■ Information supplied
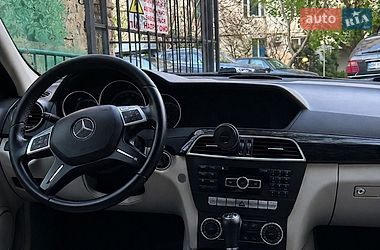 Універсал Mercedes-Benz C-Class 2012 в Одесі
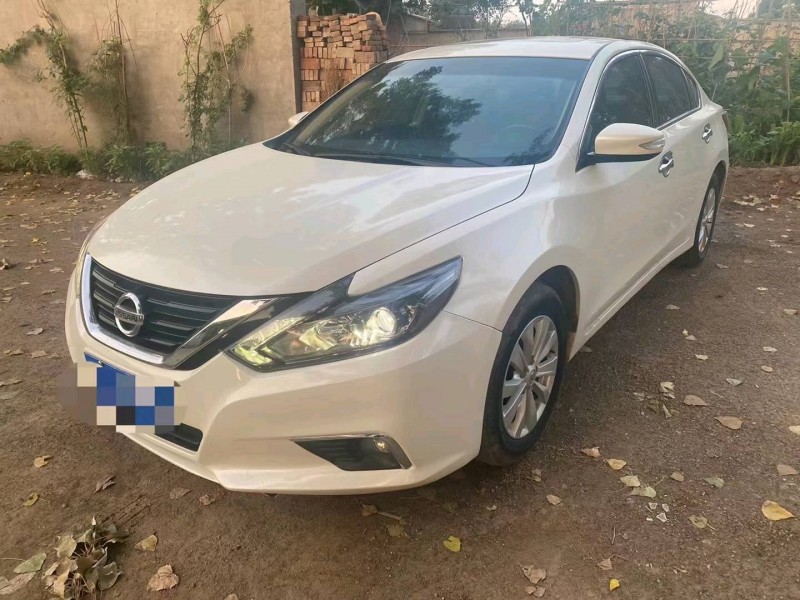 保定18年日产天籁2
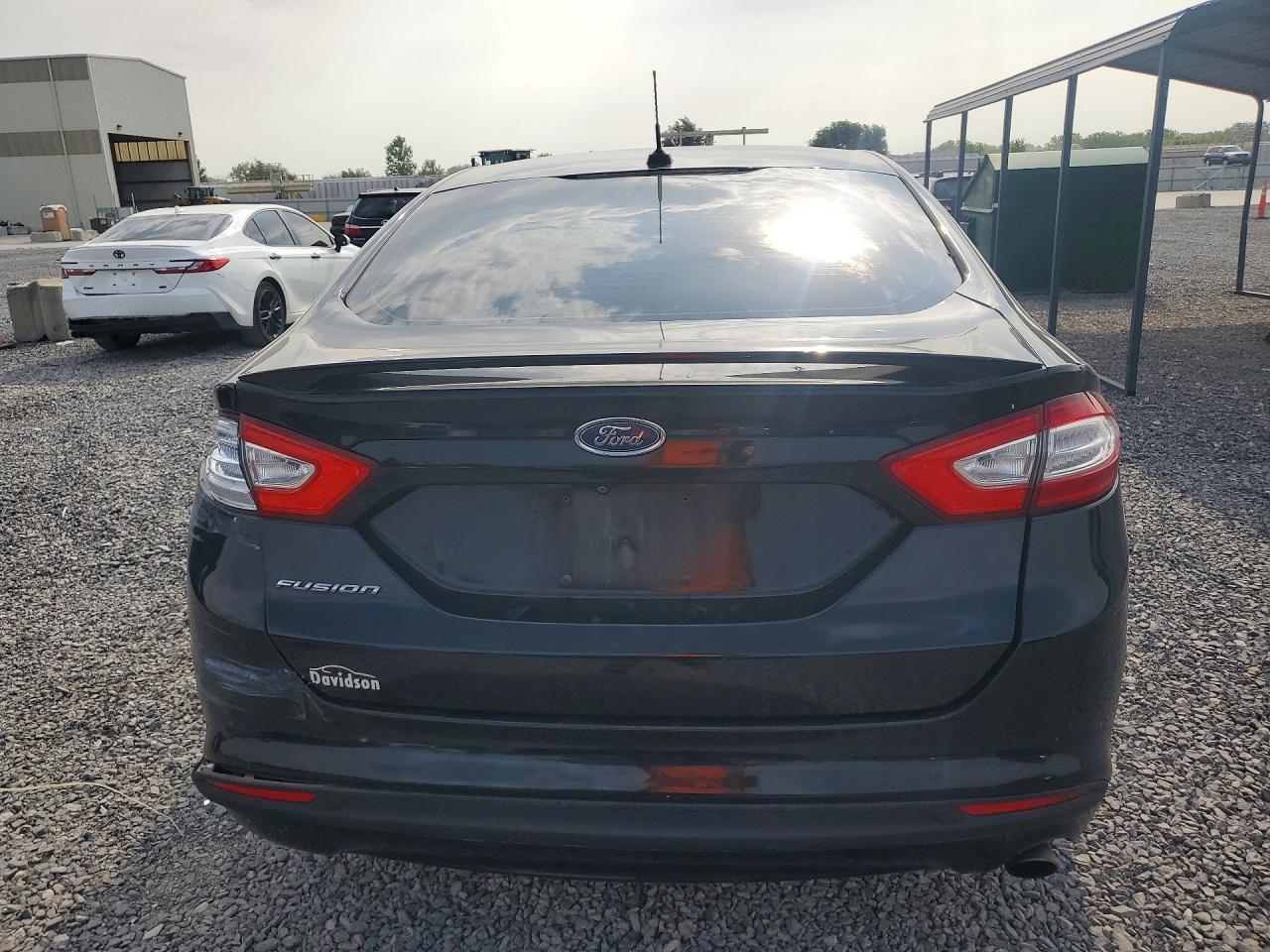 2016 Ford Fusion S - zdjęcie 6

■ Exercise brief
With the images omitted, repeat all the data word for word.

■ Output for this task
 Універсал Mercedes-Benz C-Class 2012 в Одесі
 保定18年日产天籁2
 2016 Ford Fusion S - zdjęcie 6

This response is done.